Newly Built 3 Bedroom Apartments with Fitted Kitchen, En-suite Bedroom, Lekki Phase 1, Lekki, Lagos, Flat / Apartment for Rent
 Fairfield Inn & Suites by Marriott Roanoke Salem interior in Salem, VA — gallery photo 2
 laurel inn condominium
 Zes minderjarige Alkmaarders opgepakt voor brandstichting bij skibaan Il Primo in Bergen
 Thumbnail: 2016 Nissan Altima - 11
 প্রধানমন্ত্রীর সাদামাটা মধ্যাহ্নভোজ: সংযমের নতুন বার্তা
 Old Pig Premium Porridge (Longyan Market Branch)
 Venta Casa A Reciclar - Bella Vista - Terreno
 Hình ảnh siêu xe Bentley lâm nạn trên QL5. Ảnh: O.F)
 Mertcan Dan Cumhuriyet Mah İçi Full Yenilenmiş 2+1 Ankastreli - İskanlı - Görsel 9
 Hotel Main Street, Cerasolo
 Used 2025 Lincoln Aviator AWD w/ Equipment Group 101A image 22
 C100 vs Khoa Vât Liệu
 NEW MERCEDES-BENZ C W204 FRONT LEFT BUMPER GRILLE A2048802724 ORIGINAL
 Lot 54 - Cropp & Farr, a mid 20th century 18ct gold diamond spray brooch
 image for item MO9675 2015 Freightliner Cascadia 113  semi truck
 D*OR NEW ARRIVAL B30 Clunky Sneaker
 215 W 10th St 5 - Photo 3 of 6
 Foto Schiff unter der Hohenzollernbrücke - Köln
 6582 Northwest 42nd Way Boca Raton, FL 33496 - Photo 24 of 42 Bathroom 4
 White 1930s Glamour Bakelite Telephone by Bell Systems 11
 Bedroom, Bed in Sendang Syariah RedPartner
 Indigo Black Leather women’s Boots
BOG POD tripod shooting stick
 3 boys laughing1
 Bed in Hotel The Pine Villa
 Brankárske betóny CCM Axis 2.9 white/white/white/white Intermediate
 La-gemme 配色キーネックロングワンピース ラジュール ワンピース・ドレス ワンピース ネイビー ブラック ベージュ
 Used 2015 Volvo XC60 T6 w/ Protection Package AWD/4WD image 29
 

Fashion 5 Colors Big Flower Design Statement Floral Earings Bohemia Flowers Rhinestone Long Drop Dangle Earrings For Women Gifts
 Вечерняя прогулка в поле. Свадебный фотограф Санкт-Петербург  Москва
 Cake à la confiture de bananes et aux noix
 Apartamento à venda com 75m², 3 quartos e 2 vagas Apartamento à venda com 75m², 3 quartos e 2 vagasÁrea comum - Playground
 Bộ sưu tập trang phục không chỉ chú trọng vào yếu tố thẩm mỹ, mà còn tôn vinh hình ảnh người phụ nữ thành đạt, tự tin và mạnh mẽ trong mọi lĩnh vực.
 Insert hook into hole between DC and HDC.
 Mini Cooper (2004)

· · ·

▸ Work to complete
The expected answer holds each line from the listing above where the string "Used" is present.

▸ Answer space
 Used 2025 Lincoln Aviator AWD w/ Equipment Group 101A image 22
 Used 2015 Volvo XC60 T6 w/ Protection Package AWD/4WD image 29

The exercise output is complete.